• TO DO: What you return must match the listing below line for line, minus its pictures.

• COLLECTED DATA:
******
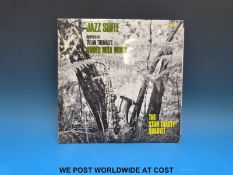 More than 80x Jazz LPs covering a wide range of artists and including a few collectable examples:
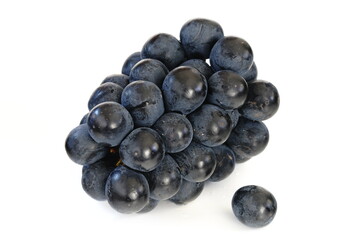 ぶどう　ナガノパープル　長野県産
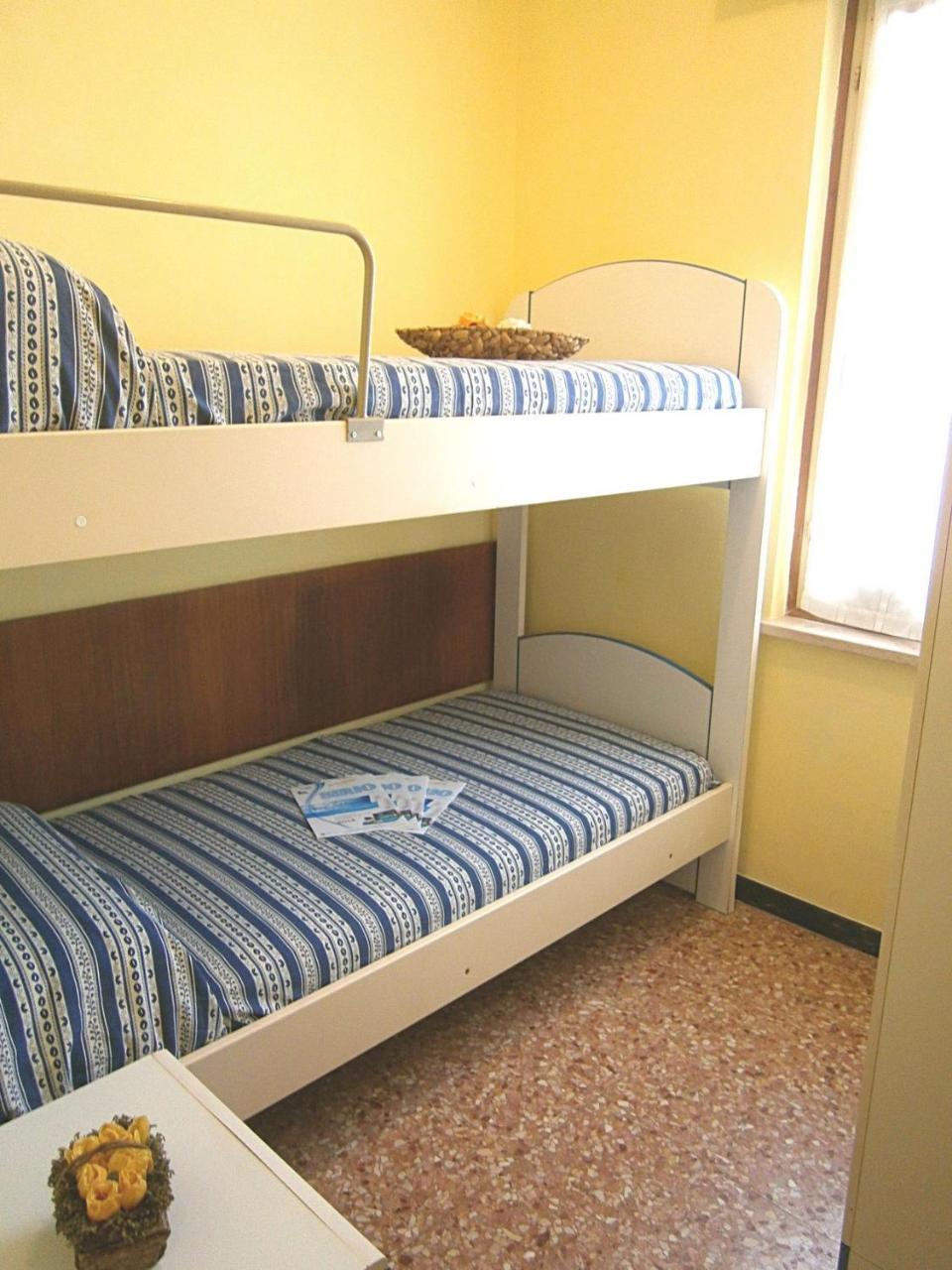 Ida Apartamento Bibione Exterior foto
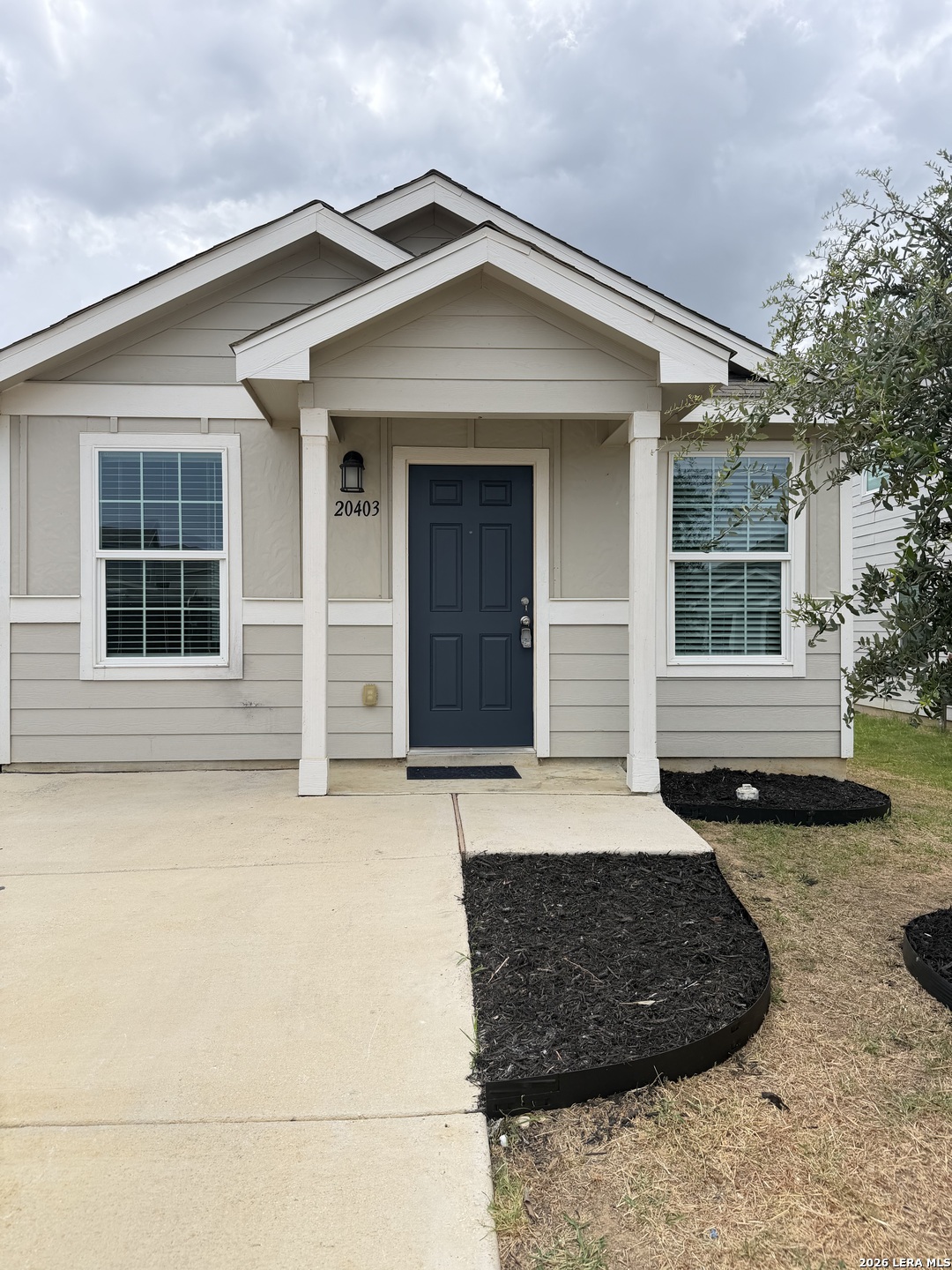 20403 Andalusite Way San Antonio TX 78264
******
• ANSWER FOR THIS EXERCISE:
 More than 80x Jazz LPs covering a wide range of artists and including a few collectable examples:
 ぶどう　ナガノパープル　長野県産
 Ida Apartamento Bibione Exterior foto
 20403 Andalusite Way San Antonio TX 78264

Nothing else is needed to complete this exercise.